# Whats the deal on railroad signs/tags?



## Rambler (Apr 22, 2012)

Just wondering because I see them everywhere. Its usually a railroad track that forks with initials or some shit.


----------



## Unslap (Apr 22, 2012)

Yeah wtf isnt that vandalism like illegal vandalism

- Boxcar Bitch #####
"ridre a box, rape cops"


----------



## katie (Apr 22, 2012)

Yeah I think that is illegal. I don't know why people harm the earth like that maaaaaaaaan


----------



## Zonkers (Apr 22, 2012)

Why tag a stationary object when you can hit an IM and have CSX/UP/and the rest of the gang transport your artwork around the nation for free?

Blank walls = Blank minds, and is abdicating your right to control an aspect of your local communities to corporations who'd rather put up ads to brainwash you into obedient consumers/wage slaves.


----------



## bryanpaul (Apr 23, 2012)

Rambler said:


> Its usually a railroad track that forks with initials or some shit.


don't forget about "circle-n's"....... theyre always popular among the kids these days....





....note the top of the "b" crossing through the ftra guy's tag......this was an accidental act of disrespect punishable by violence.... oops


----------



## wizehop (Apr 23, 2012)

Nothing sexier than a tagged up catchout spot. Its always nice seein whos been there....and if your new to an area its a good way to know your in the right place.


----------



## flashinglights (Apr 23, 2012)

Moniker is the word for hobo tags.

Colossus of roads. The rambler. There are some old masters out there if you look for their work.


----------



## CXR1037 (Apr 23, 2012)

bryanpaul said:


> don't forget about "circle-n's"....... theyre always popular among the kids these days....
> 
> 
> 
> ...


 
Lone Bone! Chalmbers!!!!! Bryan Paul?... 
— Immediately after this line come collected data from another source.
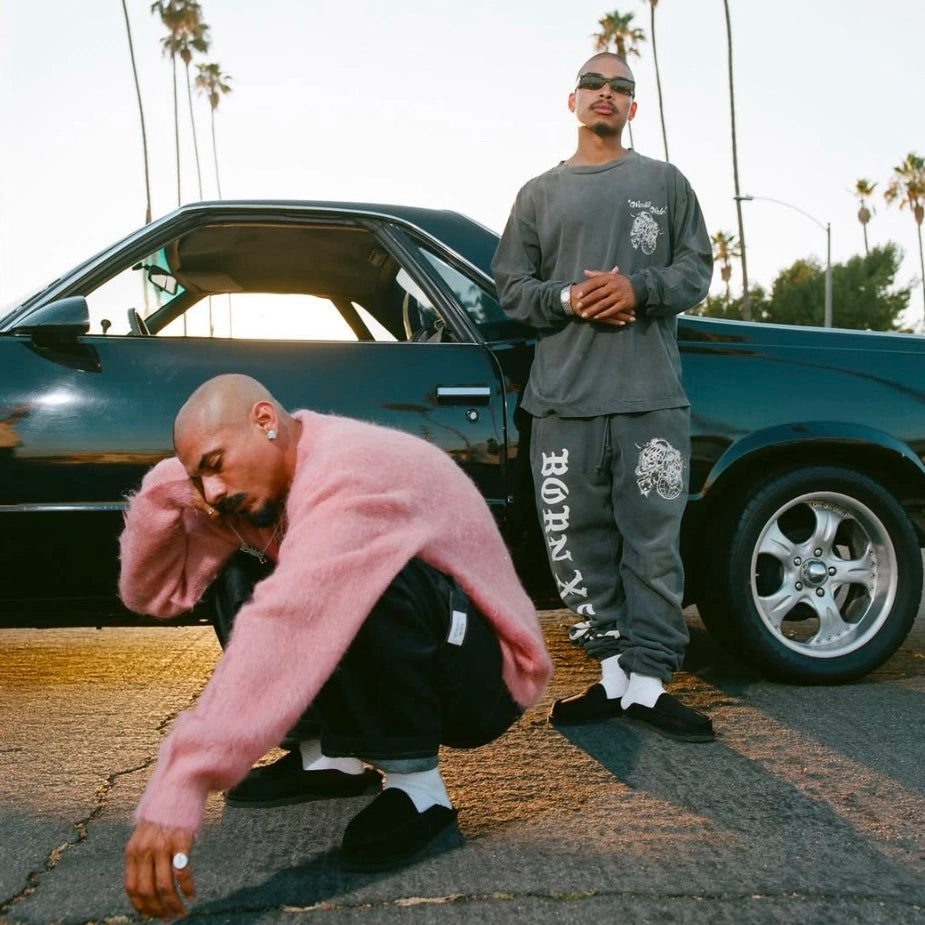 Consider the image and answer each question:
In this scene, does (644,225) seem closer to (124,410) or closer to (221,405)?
(124,410)

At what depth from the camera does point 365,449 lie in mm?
2168

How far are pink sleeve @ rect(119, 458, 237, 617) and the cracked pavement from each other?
0.47 metres

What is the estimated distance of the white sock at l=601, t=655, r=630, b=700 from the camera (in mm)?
3318

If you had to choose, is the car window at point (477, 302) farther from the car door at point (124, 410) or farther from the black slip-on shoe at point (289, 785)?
the black slip-on shoe at point (289, 785)

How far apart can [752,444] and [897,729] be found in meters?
0.89

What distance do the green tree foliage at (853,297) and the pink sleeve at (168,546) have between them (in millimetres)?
42825

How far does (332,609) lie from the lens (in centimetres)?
197

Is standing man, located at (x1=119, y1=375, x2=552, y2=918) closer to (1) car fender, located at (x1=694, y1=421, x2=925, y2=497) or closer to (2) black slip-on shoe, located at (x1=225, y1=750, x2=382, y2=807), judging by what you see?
(2) black slip-on shoe, located at (x1=225, y1=750, x2=382, y2=807)

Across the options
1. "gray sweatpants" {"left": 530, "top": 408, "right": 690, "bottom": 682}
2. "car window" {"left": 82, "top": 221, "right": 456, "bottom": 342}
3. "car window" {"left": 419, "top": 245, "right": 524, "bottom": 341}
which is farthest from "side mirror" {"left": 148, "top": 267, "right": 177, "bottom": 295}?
"gray sweatpants" {"left": 530, "top": 408, "right": 690, "bottom": 682}

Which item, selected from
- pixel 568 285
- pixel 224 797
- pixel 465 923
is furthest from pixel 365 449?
pixel 568 285

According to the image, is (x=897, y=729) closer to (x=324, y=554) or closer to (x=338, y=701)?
(x=338, y=701)

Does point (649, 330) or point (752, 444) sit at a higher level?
point (649, 330)

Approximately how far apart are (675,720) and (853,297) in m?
44.8

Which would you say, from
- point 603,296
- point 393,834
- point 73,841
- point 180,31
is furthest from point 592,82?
point 180,31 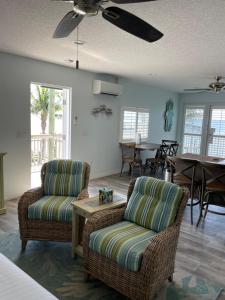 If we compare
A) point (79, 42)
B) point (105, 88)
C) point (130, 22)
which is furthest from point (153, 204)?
point (105, 88)

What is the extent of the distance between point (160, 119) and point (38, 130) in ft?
12.5

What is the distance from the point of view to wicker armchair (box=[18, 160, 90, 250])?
8.47 ft

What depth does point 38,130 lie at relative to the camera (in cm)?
646

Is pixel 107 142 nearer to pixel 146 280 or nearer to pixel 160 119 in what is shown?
pixel 160 119

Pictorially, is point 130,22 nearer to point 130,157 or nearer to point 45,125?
point 130,157

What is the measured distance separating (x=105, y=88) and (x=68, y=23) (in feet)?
11.9

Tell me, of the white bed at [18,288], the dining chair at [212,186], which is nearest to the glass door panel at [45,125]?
the dining chair at [212,186]

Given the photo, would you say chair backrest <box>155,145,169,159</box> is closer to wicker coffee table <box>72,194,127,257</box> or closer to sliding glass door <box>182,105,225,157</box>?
sliding glass door <box>182,105,225,157</box>

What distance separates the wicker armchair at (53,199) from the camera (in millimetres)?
2582

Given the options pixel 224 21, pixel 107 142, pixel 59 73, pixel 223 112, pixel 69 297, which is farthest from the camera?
pixel 223 112

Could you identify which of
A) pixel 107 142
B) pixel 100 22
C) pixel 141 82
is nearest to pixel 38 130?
pixel 107 142

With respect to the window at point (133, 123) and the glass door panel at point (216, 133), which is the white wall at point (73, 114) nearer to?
the window at point (133, 123)

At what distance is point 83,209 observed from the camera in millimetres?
2359

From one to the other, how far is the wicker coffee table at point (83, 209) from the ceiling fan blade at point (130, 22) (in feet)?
5.12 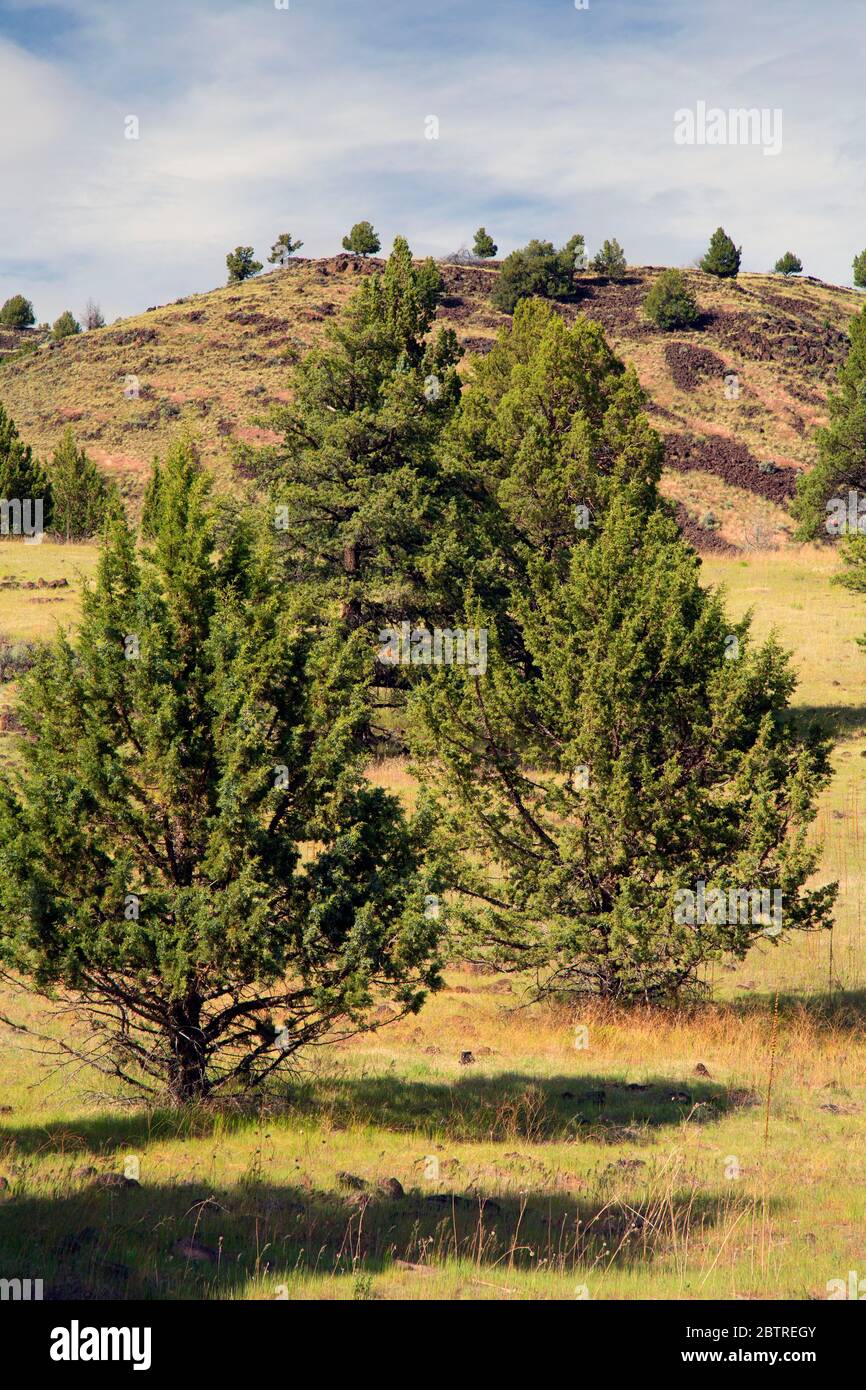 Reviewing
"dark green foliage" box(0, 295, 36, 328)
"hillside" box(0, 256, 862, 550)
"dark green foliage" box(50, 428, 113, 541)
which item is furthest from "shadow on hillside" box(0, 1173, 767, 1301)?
"dark green foliage" box(0, 295, 36, 328)

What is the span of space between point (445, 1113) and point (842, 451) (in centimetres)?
3525

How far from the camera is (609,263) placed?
10731 centimetres

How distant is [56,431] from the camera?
81.4 meters

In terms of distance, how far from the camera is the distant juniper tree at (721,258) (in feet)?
363

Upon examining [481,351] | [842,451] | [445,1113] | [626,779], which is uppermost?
[481,351]

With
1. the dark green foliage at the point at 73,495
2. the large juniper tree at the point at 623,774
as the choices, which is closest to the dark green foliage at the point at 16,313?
the dark green foliage at the point at 73,495

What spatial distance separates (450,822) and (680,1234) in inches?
331

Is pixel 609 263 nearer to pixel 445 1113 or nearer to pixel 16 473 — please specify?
pixel 16 473

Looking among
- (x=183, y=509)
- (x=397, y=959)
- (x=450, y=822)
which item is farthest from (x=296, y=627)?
(x=450, y=822)

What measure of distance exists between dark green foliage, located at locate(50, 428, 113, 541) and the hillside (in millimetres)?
13486

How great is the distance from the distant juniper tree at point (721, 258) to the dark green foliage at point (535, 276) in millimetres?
18081

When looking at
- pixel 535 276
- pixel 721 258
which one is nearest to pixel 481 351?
pixel 535 276

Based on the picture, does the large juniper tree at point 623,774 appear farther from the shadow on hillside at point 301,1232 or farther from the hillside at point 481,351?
the hillside at point 481,351

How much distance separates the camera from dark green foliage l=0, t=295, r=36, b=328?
126688 mm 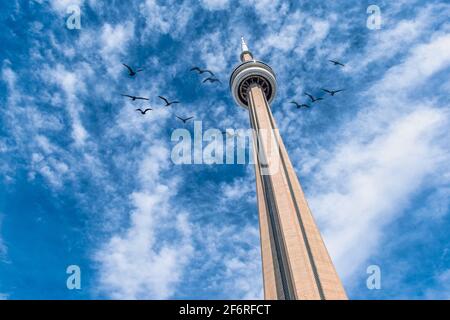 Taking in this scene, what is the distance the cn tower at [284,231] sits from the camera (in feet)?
139

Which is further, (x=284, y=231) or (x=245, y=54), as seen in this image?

cXR - widely unknown indeed


----------



## bryanpaul (Apr 23, 2012)

CXR1037 said:


> Lone Bone! Chalmbers!!!!! Bryan Paul?...
> 
> cXR - widely unknown indeed


EAST COAST!.............chalmbers is the kid who runs travelershq...we took him on his first train(and showed him how NOT to ride....oogley behavior indeed, got spotted, sherrifs pull us off....my girl drunkenly falls facefirst off the piggyback.....cops were quite amused)


----------



## CXR1037 (Apr 26, 2012)

You don't say. I'll have to meet this "Chamblers" fellow. I've seen him under "ranching bridge" and one time I saw his tag in Bakersfield. 

CXr - www.travelershq.org


----------



## bryanpaul (Apr 26, 2012)

are all the tags under the "ranching" bridge still there?....... be a sad day when someone decides that bridge needs painting...... i'm up under there a few times.....hahaha i love how next to doobie d's tag is: <-----OOGLE


----------



## Doobie_D (Apr 26, 2012)

whoever wrote that aint lyin tho


----------



## Doobie_D (Apr 26, 2012)

they just jealous cause im erry where


----------



## Kim Chee (Apr 26, 2012)

Rambler said:


> Just wondering because I see them everywhere. Its usually a railroad track that forks with initials or some shit.


 Some people tag a spot just to show they were there. Sometimes, there's clues involved that an oog can use to let people new to the area what is going on. For instance: A large pile of turds is understood to be a toilet.


----------



## CXR1037 (Apr 26, 2012)

Yeah as far as I know you're all flying proudly under there still, on the same column as the great wall of Nick Cofphee I do believe. 

cxR - lots of memorable quotes under that bridge


----------